After having consent refused for solar panels on a shed in the curtilage of his Grade II listed farmhouse, MP Bill Wiggins proposed a Bill in 2015 to amend the Planning (Listed Buildings and Conservation Areas) Act 1990 (the Act) by removing the reference to curtilage. This did not get further than first reading until being eventually withdrawn, but it exemplified the confusion many homeowners and conservation practitioners feel towards curtilage listing. As a result, there has been a renewed focus to clarify curtilage listing and Historic England’s Advice Note 10 was published with clear, illustrated examples. In their definition, Historic England state that “not all buildings will have a curtilage. With those that do there will be cases where the extent of the curtilage will be clear (such as a garden boundary) but in others it may not be as clear each case will always be a question of fact and degree.”
The revised Historic England guidance now provides a more user-friendly route into curtilage listing and its application.
Defining ‘curtilage’
The relevant legal provision on curtilage listing seems simple: Section 1(5) of the Act states that “any object or structure within the curtilage of the building which, although not fixed to the building, forms part of the land and has done so since before 1st July 1948 shall be treated as part of the [listed] building”. In essence, the curtilage building will be subject to control through Listed Building Consent due to its contribution to the special interest of the listed building. However, in practice, assessing whether a building or structure is in the curtilage of another building is more difficult.

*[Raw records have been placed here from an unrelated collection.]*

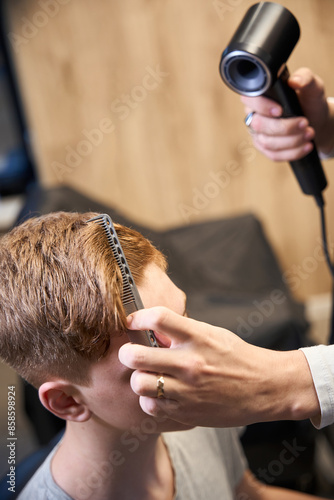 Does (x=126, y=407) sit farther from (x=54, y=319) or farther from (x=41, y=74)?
(x=41, y=74)

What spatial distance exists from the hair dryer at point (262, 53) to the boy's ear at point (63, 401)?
572 mm

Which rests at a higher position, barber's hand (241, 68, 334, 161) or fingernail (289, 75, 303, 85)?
fingernail (289, 75, 303, 85)

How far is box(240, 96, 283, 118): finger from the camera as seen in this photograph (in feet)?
2.90

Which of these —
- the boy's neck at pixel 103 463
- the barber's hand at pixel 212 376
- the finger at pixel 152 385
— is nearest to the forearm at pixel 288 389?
the barber's hand at pixel 212 376

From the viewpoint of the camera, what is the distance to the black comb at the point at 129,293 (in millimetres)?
622

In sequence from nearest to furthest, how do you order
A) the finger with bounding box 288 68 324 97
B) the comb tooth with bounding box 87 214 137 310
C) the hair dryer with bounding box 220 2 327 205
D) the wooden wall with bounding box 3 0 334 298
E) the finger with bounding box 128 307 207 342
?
the finger with bounding box 128 307 207 342
the comb tooth with bounding box 87 214 137 310
the hair dryer with bounding box 220 2 327 205
the finger with bounding box 288 68 324 97
the wooden wall with bounding box 3 0 334 298

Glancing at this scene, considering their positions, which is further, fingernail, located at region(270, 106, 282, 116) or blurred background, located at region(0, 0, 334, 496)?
blurred background, located at region(0, 0, 334, 496)

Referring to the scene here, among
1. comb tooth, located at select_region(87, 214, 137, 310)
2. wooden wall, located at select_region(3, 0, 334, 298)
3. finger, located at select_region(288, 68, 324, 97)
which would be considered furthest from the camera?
wooden wall, located at select_region(3, 0, 334, 298)

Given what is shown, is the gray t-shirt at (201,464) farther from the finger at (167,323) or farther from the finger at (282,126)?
the finger at (282,126)

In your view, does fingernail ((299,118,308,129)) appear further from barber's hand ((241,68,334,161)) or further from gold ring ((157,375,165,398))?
gold ring ((157,375,165,398))

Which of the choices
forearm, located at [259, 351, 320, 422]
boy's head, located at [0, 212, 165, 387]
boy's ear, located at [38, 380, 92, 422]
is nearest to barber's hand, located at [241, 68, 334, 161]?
boy's head, located at [0, 212, 165, 387]

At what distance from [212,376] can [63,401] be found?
12.9 inches

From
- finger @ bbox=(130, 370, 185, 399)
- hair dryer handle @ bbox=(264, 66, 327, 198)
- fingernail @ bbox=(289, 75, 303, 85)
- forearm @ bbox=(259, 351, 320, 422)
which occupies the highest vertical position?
fingernail @ bbox=(289, 75, 303, 85)

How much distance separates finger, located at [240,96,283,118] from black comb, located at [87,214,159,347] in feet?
1.27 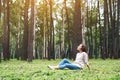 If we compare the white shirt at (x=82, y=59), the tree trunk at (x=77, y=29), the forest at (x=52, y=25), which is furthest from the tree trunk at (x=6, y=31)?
the white shirt at (x=82, y=59)

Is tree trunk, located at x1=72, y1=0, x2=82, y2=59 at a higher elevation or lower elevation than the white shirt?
higher

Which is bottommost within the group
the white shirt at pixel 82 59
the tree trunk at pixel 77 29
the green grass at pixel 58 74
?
the green grass at pixel 58 74

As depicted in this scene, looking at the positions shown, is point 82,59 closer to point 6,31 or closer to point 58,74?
point 58,74

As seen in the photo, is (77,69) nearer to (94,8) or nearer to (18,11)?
(18,11)

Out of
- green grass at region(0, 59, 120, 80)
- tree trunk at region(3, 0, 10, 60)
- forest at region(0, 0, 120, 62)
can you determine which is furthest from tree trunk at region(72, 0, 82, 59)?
green grass at region(0, 59, 120, 80)

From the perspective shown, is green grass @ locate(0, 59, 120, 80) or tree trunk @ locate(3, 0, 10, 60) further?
tree trunk @ locate(3, 0, 10, 60)

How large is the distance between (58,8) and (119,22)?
1984 centimetres

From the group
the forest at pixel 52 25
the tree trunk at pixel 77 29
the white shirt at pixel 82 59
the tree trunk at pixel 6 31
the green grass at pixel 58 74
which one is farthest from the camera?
the tree trunk at pixel 6 31

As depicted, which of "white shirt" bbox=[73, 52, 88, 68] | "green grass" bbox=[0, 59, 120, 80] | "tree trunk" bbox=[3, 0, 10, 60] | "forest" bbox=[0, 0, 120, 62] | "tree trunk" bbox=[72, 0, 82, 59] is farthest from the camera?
"tree trunk" bbox=[3, 0, 10, 60]

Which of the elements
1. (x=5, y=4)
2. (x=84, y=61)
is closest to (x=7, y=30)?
(x=5, y=4)

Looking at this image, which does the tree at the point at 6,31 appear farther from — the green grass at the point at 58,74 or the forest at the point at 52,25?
the green grass at the point at 58,74

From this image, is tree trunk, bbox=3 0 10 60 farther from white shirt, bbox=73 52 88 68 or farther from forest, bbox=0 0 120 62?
white shirt, bbox=73 52 88 68

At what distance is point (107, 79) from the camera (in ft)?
28.2

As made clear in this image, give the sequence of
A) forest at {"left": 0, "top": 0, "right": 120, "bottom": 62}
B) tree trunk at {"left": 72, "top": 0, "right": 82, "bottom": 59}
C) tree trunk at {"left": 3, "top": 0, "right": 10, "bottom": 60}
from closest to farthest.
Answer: tree trunk at {"left": 72, "top": 0, "right": 82, "bottom": 59}, forest at {"left": 0, "top": 0, "right": 120, "bottom": 62}, tree trunk at {"left": 3, "top": 0, "right": 10, "bottom": 60} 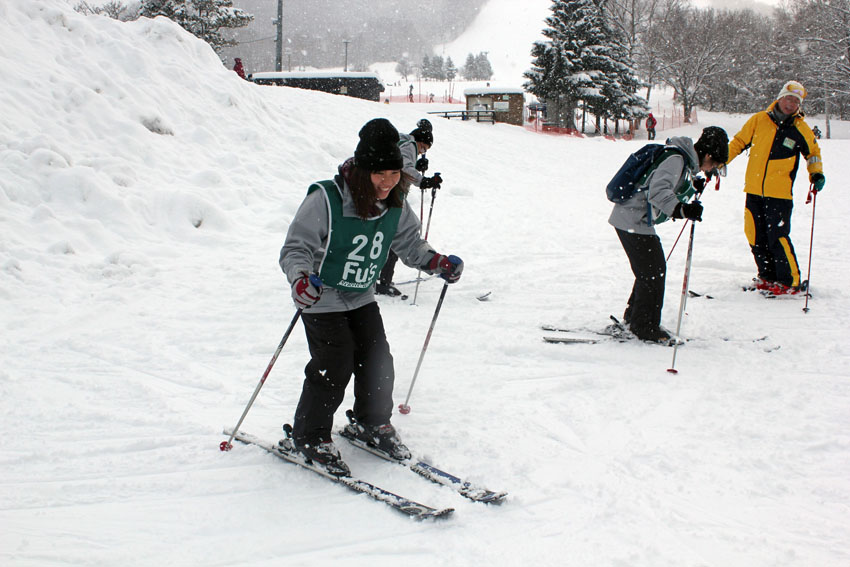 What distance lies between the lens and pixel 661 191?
415 centimetres

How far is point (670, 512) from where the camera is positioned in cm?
258

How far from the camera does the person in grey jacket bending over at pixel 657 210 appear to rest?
416cm

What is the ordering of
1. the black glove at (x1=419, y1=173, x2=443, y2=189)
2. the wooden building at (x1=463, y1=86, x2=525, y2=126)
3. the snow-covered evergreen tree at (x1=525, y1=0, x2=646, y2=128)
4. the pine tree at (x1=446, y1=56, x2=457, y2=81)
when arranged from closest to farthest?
the black glove at (x1=419, y1=173, x2=443, y2=189), the wooden building at (x1=463, y1=86, x2=525, y2=126), the snow-covered evergreen tree at (x1=525, y1=0, x2=646, y2=128), the pine tree at (x1=446, y1=56, x2=457, y2=81)

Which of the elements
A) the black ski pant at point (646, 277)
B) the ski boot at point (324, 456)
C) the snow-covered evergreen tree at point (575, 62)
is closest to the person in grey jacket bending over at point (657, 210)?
the black ski pant at point (646, 277)

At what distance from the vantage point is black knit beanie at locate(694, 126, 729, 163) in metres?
4.21

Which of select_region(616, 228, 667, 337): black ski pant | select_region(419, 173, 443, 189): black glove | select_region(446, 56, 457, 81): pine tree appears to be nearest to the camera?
select_region(616, 228, 667, 337): black ski pant

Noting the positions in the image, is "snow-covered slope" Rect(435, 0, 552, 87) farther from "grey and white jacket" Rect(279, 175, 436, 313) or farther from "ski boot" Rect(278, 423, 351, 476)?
"ski boot" Rect(278, 423, 351, 476)

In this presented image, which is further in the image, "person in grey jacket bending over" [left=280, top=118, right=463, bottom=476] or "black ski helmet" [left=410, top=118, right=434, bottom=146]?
"black ski helmet" [left=410, top=118, right=434, bottom=146]

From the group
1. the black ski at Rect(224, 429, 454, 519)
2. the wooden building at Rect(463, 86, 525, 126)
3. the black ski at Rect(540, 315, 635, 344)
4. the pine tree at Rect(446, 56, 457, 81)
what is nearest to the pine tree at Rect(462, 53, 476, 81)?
the pine tree at Rect(446, 56, 457, 81)

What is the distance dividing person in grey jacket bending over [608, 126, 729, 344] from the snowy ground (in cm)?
33

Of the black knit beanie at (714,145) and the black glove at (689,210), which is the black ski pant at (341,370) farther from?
the black knit beanie at (714,145)

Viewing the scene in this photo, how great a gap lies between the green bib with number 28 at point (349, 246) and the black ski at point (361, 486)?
924 millimetres

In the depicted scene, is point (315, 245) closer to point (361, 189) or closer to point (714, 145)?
point (361, 189)

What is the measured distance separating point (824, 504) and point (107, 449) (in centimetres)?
356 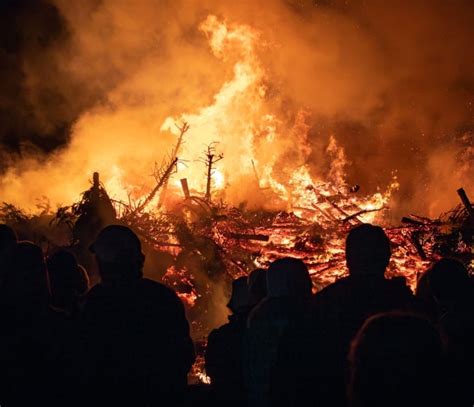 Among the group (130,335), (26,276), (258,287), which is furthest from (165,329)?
(258,287)

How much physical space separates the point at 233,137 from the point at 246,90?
2314 mm

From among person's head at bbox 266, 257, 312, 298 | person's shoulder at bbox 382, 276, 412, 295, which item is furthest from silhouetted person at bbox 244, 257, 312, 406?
person's shoulder at bbox 382, 276, 412, 295

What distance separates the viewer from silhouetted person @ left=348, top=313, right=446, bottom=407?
1526 millimetres

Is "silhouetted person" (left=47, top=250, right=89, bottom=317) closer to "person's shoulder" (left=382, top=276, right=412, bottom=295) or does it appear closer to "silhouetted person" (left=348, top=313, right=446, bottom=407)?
"person's shoulder" (left=382, top=276, right=412, bottom=295)

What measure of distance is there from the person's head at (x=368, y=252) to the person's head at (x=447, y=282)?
37 cm

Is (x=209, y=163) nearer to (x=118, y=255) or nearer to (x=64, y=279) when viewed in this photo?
(x=64, y=279)

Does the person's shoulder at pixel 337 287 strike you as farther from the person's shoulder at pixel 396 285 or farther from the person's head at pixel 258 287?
the person's head at pixel 258 287

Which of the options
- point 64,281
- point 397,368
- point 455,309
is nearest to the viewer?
point 397,368

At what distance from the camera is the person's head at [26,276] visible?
2523mm

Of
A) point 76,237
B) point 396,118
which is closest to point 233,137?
point 396,118

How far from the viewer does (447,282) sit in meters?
2.79

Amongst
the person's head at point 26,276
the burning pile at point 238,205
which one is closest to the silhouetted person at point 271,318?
the person's head at point 26,276

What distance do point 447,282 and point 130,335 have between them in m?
1.86

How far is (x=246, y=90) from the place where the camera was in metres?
20.4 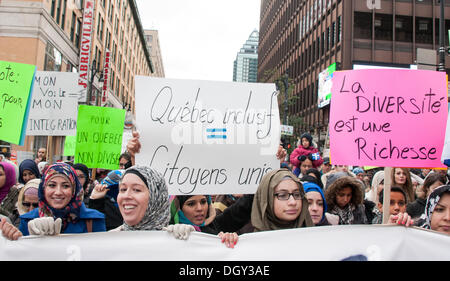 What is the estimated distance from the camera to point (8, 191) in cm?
380

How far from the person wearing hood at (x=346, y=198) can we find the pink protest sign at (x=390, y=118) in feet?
3.18

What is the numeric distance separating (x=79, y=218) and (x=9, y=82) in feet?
6.59

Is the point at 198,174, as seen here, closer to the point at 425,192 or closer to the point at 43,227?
the point at 43,227

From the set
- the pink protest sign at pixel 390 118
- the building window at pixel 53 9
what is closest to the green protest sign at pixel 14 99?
the pink protest sign at pixel 390 118

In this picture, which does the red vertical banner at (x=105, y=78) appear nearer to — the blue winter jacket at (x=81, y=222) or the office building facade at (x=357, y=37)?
the office building facade at (x=357, y=37)

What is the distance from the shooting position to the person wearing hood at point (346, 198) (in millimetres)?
3785

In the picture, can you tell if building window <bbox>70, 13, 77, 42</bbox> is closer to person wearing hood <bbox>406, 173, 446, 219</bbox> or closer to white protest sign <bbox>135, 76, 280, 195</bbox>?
white protest sign <bbox>135, 76, 280, 195</bbox>

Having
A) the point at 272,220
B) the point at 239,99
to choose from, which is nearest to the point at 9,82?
the point at 239,99

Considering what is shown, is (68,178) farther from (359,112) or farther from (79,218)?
(359,112)

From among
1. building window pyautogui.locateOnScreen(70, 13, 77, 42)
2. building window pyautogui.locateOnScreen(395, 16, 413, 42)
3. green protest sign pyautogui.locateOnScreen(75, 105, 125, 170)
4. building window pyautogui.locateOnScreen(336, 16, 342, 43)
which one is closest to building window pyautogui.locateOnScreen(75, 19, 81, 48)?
building window pyautogui.locateOnScreen(70, 13, 77, 42)

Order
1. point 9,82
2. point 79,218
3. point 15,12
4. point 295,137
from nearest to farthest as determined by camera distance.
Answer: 1. point 79,218
2. point 9,82
3. point 15,12
4. point 295,137

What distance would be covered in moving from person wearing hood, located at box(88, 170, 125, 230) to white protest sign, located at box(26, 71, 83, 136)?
5.41ft

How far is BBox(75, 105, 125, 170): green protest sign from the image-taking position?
520cm

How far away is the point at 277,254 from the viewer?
2072 millimetres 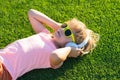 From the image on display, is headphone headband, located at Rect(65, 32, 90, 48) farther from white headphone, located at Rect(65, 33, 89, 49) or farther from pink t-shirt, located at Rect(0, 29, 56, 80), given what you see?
pink t-shirt, located at Rect(0, 29, 56, 80)

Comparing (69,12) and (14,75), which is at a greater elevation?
(69,12)

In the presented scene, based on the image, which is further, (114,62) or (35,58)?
(114,62)

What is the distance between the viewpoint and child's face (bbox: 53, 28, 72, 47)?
384 centimetres

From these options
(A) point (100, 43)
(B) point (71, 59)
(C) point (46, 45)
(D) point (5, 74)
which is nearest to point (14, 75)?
(D) point (5, 74)

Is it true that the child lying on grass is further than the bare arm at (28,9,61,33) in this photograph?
No

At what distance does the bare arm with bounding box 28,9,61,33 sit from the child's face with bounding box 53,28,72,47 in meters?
0.21

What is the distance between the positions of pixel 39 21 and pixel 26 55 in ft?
1.84

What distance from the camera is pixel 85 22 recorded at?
4.62 metres

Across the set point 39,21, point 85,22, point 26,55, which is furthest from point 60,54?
point 85,22

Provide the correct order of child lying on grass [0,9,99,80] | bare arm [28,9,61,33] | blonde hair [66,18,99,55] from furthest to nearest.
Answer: bare arm [28,9,61,33]
blonde hair [66,18,99,55]
child lying on grass [0,9,99,80]

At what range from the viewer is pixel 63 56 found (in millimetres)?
3668

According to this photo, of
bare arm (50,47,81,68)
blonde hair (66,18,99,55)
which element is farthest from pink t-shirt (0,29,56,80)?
blonde hair (66,18,99,55)

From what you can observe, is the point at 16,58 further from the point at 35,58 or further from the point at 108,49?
the point at 108,49

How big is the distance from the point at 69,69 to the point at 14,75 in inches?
28.7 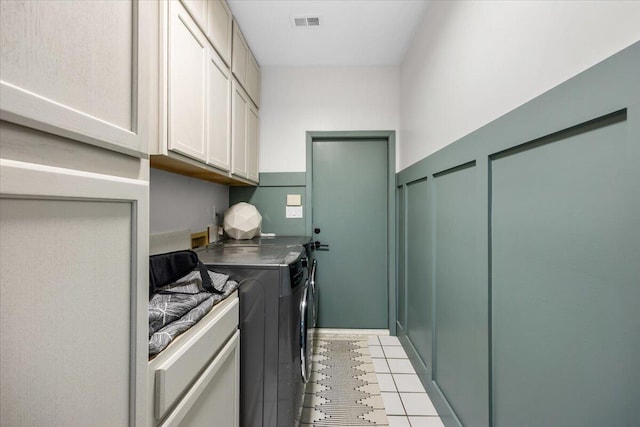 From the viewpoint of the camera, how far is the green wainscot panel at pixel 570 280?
1.96 feet

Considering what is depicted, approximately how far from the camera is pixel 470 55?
1272 millimetres

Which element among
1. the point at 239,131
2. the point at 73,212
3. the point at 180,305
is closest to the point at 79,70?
the point at 73,212

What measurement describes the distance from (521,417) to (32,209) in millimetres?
1320

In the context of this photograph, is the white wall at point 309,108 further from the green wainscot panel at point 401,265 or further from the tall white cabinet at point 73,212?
the tall white cabinet at point 73,212

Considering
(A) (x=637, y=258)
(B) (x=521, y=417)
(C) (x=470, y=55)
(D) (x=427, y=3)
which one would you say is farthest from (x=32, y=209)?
(D) (x=427, y=3)

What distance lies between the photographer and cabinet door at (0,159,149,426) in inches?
13.2

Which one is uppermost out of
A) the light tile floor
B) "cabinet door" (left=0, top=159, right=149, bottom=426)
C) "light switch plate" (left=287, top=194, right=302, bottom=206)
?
"light switch plate" (left=287, top=194, right=302, bottom=206)

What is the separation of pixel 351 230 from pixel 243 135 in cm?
132

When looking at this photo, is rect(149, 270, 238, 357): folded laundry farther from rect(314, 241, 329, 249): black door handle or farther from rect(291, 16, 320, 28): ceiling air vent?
rect(291, 16, 320, 28): ceiling air vent

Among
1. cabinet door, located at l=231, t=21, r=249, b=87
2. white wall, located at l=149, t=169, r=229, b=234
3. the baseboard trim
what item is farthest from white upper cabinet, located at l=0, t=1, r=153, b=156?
the baseboard trim

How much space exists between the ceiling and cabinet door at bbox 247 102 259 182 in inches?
21.0

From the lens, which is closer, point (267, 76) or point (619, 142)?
point (619, 142)

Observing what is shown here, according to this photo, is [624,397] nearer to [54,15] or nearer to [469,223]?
[469,223]

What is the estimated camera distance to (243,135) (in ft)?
7.29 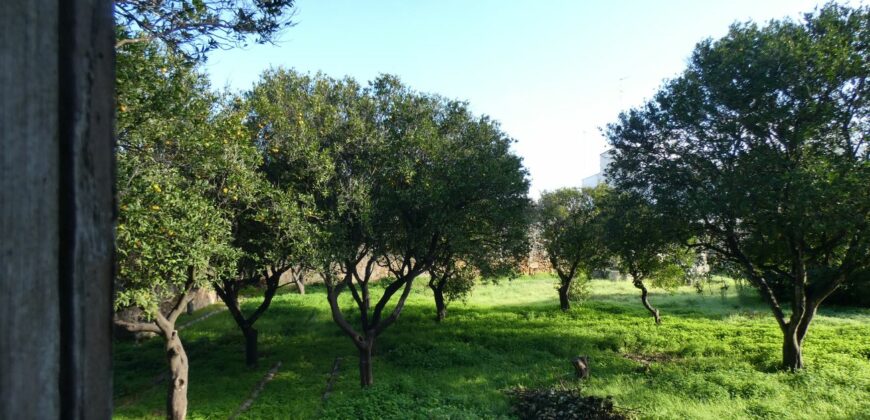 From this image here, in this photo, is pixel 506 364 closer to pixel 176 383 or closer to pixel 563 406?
pixel 563 406

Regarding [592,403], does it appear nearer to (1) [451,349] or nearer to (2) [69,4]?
(1) [451,349]

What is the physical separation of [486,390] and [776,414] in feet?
27.9

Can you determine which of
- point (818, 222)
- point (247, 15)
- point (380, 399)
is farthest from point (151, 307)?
point (818, 222)

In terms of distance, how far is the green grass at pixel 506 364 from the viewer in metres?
14.9

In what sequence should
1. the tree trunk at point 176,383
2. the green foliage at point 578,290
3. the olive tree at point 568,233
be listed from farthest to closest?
the green foliage at point 578,290 → the olive tree at point 568,233 → the tree trunk at point 176,383

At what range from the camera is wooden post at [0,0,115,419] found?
3.59ft

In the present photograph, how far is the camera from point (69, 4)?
1209 millimetres

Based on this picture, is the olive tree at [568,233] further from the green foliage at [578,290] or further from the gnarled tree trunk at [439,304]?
the gnarled tree trunk at [439,304]

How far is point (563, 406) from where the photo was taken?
45.9 feet

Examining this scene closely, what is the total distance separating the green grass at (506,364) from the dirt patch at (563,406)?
65 centimetres

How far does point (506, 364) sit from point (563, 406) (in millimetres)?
6494

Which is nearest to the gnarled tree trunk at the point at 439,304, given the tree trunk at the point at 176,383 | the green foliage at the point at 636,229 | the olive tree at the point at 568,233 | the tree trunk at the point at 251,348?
the olive tree at the point at 568,233

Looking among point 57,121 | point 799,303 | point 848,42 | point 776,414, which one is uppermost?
point 848,42

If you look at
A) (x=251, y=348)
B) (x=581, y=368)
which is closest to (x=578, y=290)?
(x=581, y=368)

This is largely due to the difficulties in defining the term ‘curtilage’. Curtilage is defined by the Oxford English Dictionary as “an area of land attached to a house and forming one enclosure with it”, but the extent of the land, particularly in the case of a sprawling country estate or farmstead, and what constitutes ‘enclosure’ are often up for debate.
Section 55(2) of the Town and Country Planning Act 1990 defines land or building as within the curtilage should they be in a use that is “incidental to the enjoyment of the dwelling-house”. With curtilage listing, this is largely interpreted as the building being ‘ancillary’ to the use of the main building, as established through the Debenhams plc. v Westminster CC case, 1982.
It is also worth considering that, as the law pertaining to curtilage only came into force on 1st January 1969, should a building have been listed before 1969, then its situation should be considered from 1st January 1969 onwards. (However, this interpretation has yet to be tested in the courts).
Curtilage listing case law
To understand curtilage listing in practice, it is important to look at the accompanying case law.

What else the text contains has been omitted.